Wow.. I can’t believe I have totally missed the fact that I often break structure! One of the structural elements in taiji is that between the knee and toe. Generally, the knees are not supposed to go past the toes, however I’ve modified this a bit and changed it so the knees do not go past the instep in my case. I used to have a lot of problems with this and I attribute a lot of them to my wushu days where the goal was to see how low one can go.

Anyhoo.. after viewing some footages of some notable chen folks like Chen Xiao Wang and Chen Zheng Lei, I noticed they do not let their knees go past the instep region or the bubbling well point of the foot. I’ve been trying to incorporate this into my own training and it’s been quite difficult. To get a deep stance and not break this structural alignment requires a flexible and loose kua. To me, it’s easy to go low, but it’s hard to sink. Sinking into the stance is difficult and painful.

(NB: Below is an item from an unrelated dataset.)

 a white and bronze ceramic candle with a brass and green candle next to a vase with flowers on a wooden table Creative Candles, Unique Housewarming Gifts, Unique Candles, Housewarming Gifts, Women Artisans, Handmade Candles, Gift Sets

I first started paying closer attention to my structure when I started to hold my postures for counts. I’d do the form and hold the posture and adjust. At this time, I was mainly focusing on the end result or the end posture and that was pretty good, though I’d often make adjustments here and there. One of the adjustments I would tend to make is the position of my hips/kua in the buddha warrior pounds the mortar posture right before I step up with my right foot.

Anyhoo.. I then started to play close attention to the lazy tie coat sequence and I realized that when I do the “pull back” or “deflect” posture right before the six sealings four closings, I would often move in such a way that my knee would go beyond the plane of my toes!!! Not just beyond the instep, but beyond the toes!!! I then adjusted my posture and really focused on this and it is very difficult to do this pull back and not go beyond the toes. It’s easier if I maintain a higher stance, but I tend to try and go low when I do chen, so this will take a bit of an adjustment.

Now that I’ve spotted this, I’m really gonna take some time to analyze ALL OF MY TRANSITIONS and to see where the structure is breaking!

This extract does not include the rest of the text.